As of the eve of the ground attack on February 23, Task Force Grizzly still had not. Nonetheless, General Myatt still ordered both of his task forces to go in that night. They had a few stops and starts because of a potential cease-fire the Soviets were negotiating with Saddam, but those peace entreaties fell through. Supported by only a few Humvees with TOW launchers, the Marines shuffled in long columns through the windy desert, in the flickering shadows of oil well fires, bound for the same jump-off spots where the recon Marines had entered the first mine belt. Each Marine was hauling at least seventy pounds of weapons, ammo, gear, and food. Dragon antitank gunners had a miserable time manhandling their unwieldy fifty-pound weapons. M60 and M249 SAW machine gunners also struggled. Some of the Marines, particularly mortar crews, dragged their gear on improvised carts. “These carts were the size of large wheelbarrows,” Corporal Greg Stricklin said. “With all the gear loaded I figured a cart weighed between five and six hundred pounds.” They had their MOPP suits on, but not their gas masks. The evening was chilly, causing many of them to alternately sweat and shiver. Only the best-conditioned troops could carry and maneuver such onerous loads and endure this strenuous march for miles. One of them called it “the most grueling physical experience of my life.”

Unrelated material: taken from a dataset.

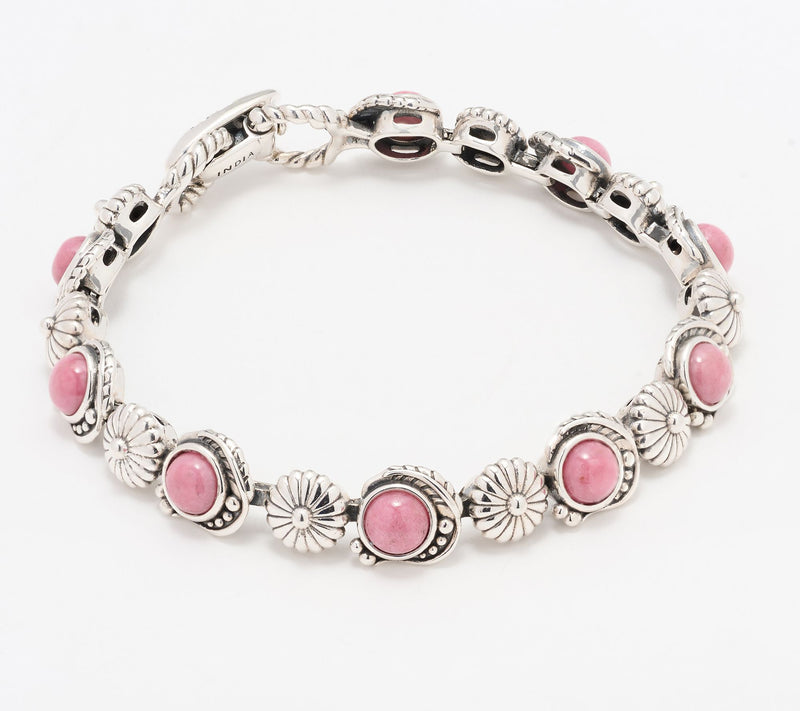 American West Sterling Leaf & Concha Gemstone Link Bracelet — View 15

For Task Force Grizzly, two intrepid staff sergeants led the way, on their hands and knees, into the first mine belt, gently prodding with their bayonets, “old World War I style,” in the estimation of one officer. The minefield was between one hundred and one hundred and thirty meters deep. “The majority of the [antitank] mines were exposed on the surface and very obvious,” one Marine engineer recalled. “The majority of the antipersonnel mines were buried with the triggering devices exposed to be detonated [when] stepped on.” Ever so carefully they crawled forward, gently poking with their bayonets. The job required total concentration. One slip, one moment of distraction, one mistake could mean instant death. Moreover, if the enemy did open fire with artillery or small arms, there was no cover to be had. “Once they found a mine, they just marked it and moved around it, leaving it in place,” Colonel Fulk later said. “So they created a meandering path through the field.” The two sergeants marked their finds with chemical lights. In their wake, the grunts carefully followed. Each man made sure to walk in the footsteps of the person ahead of him. It took nearly eight exacting, spine-tingling hours to forge a path through the minefield. By 0400, twenty-seven hundred Marines were through. Iraqi resistance was negligible. There were a few firefights, but most of the enemy soldiers quit when they saw that the Marines had gotten through the mines.